The best introduction to Bruce Chatwin's beguiling travel writing is still Nicholas Shakespeare's biography. As Shakespeare acknowledges in the introduction to "Under the Sun: The Letters of Bruce Chatwin," collections of letters tend to be zigzags, messy and repetitive, no matter how brilliant the writer. Although Shakespeare does his best to introduce Chatwin in this collection, a newcomer to Chatwin's prose might form an impression of a rather smug and snobbish chap -- a literary traveler trying to shine for fellow writers like Susan Sontag.

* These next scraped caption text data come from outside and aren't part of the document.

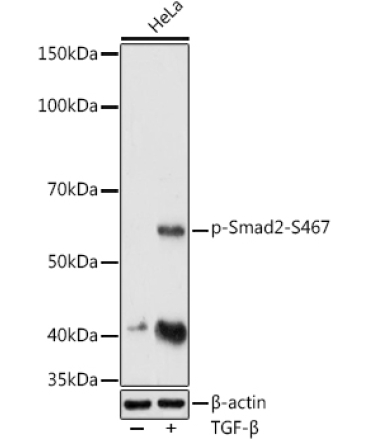 Phospho-Smad2-S467 Rabbit Polyclonal Antibody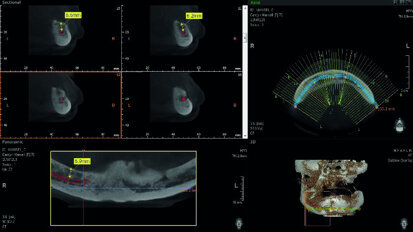 Digitising your implant practice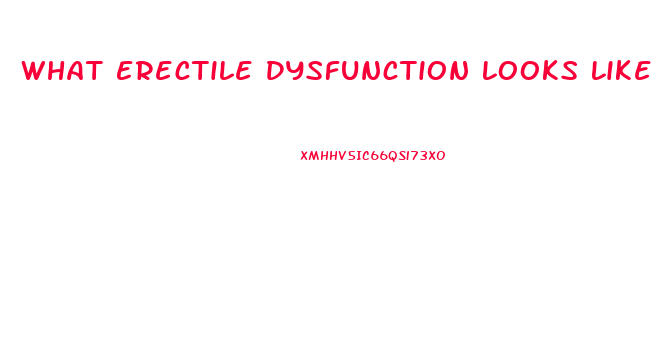 What Erectile Dysfunction Looks Like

Shakespeare deems it a great boon to his book that four letters and a postcard to Sontag were discovered in time to be included in this bloated collection -- but what to make of Chatwin's brief notes to her if you are not already a member of the club, contemptuous of most governments and convinced of your own probity?

Fortunately, the range of Chatwin's correspondents, including his parents and close friends in art and archaeology -- not to mention film director James Ivory and prize-winning novelist Salman Rushdie -- helps to provide the kind of informal, chatty feel and sense of a deeply engrossing life that most biographers are hard put to reproduce.

Chatwin's reputation has suffered in recent years, as Shakespeare admits. And so this collection is, in part, a reclamation project -- one that would have been better served, perhaps, if letters had been more selectively chosen to show the writer in top form, focusing on his travels and not so much on impressing others.